So, this weeks started off really well. I was on top of my workouts and eating the way I am suppose to. I am not saying that I eat 100% clean, but i’m moving in that direction. Here comes the weekend and all hell breaks loose! Why is that? Why is it that I can do really well during the weekdays, but can’t seem to keep it together the other two and 1/2 days?!
Is is that I am in the “dieting” mindset? Have I not quite convinced myself that this will be my way of life for the rest of my life? The difference between what I use to do then and what I do now is that I have learned that diets do work, but the ability to stick to them long term does not. Ok, so maybe it’s the all or nothing that I need to get out of my head! Maybe that’s the problem! The all or nothing is the thought that if I ate something “off the diet” then the whole diet is blown. Hmm……… Maybe today’s little feast has not derailed my efforts to make a change. Wow, I think that’s it. I may never get into eating 100% clean and that’s ok, but I cannot let these little “unplanned” eating frenzies get me off my game. I’m still in this and i’m still going forward!
As far back as I can remember I have dieted. The first one I can really remember is my mother said to me that she wanted to lose some weight and we could lose together. I was eight. From that time on and I have been on a diet. I have been preoccupied with my body and always felt that if I could just lose the weight I would be happy. Reading other people’s stories I realize that I am not alone in my feelings. Over the years I have lost and gained many, many pounds. I have been on almost every diet you can imagine from Jenny Craig to Weight Watchers. All of them are successful and I would have to say that all diets work; meaning that you lose weight on them. The problem is you will eventually gain the weight back and that is where I find myself today.

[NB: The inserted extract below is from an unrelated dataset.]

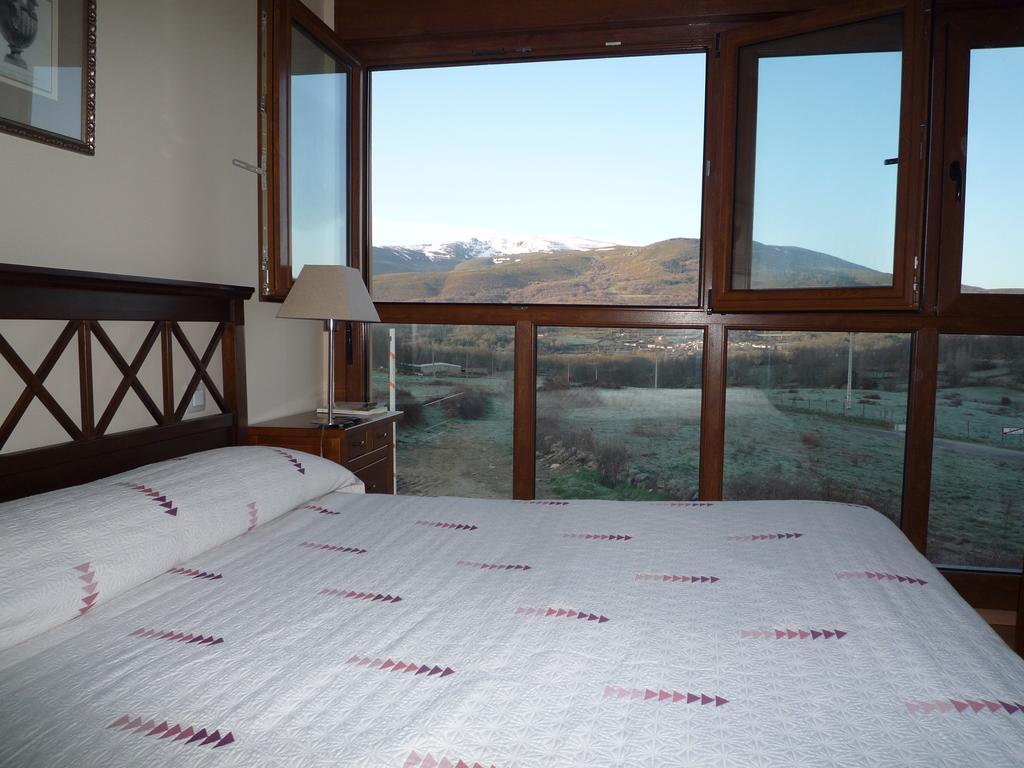 Apartamentos La Covatilla Neila de San Miguel Extérieur photo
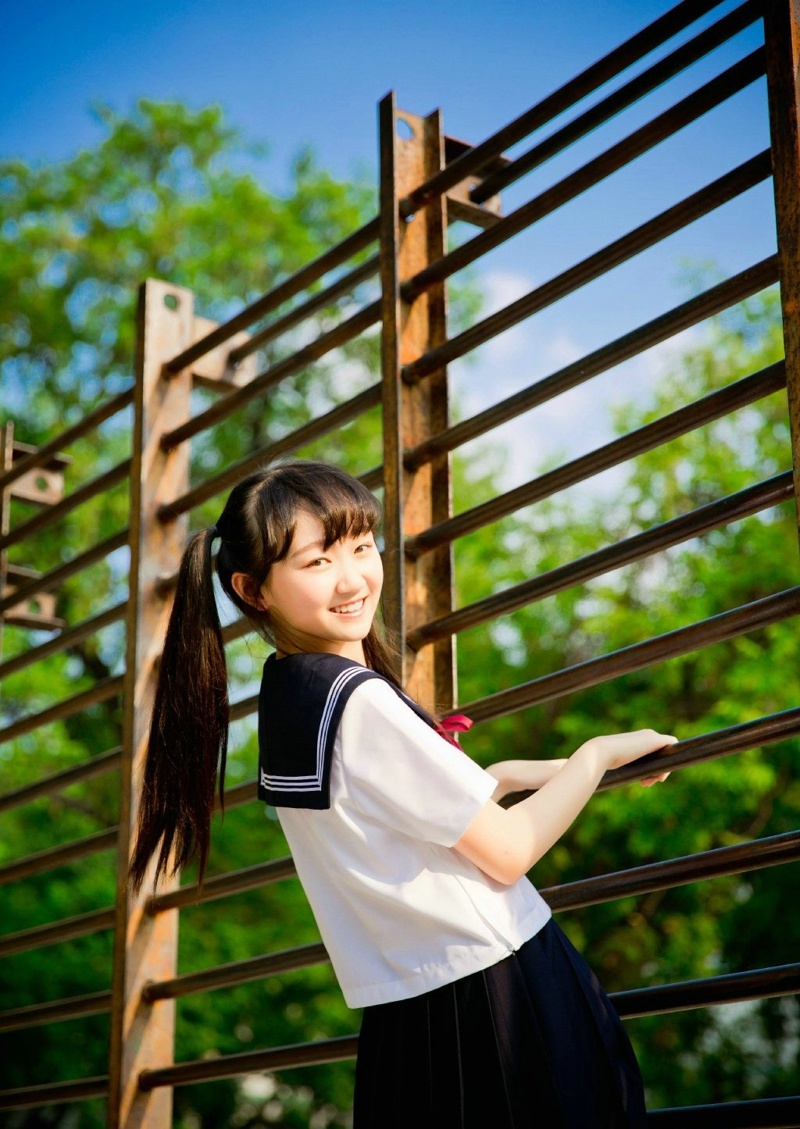 校服双马尾妹子纯真可爱阳光写真集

I find myself at this point about 20 pounds over MY ideal weight. I capitalized my because by most standards I would still be considered overweight. Some people would say that 20 pounds is not alot and some would probably not even read this because they feel that their weight issues are bigger than mine. Maybe they are right, but this 20 pounds to me is major because this is my attempt at doing it the right way. I plan to do it without the gimmicks and pills. Now, this may be no big deal to some either but what I have discovered is that my weight issues are far bigger than just eating bad; they are mental. Why I eat seems to be more of the problem then what I eat. Every time I have “gone on a diet” I have succeeded for a short time only to start the out of control eating again. I have beat myself up for not being able to control myself and be successful which only caused the eating to be more out of control. So this time I have decided to not only go on this journey to lose the weight, but also to discover why I eat what I eat and what are the feelings behind it.
I hope that maybe someone will find some comfort and even partnership in my journey!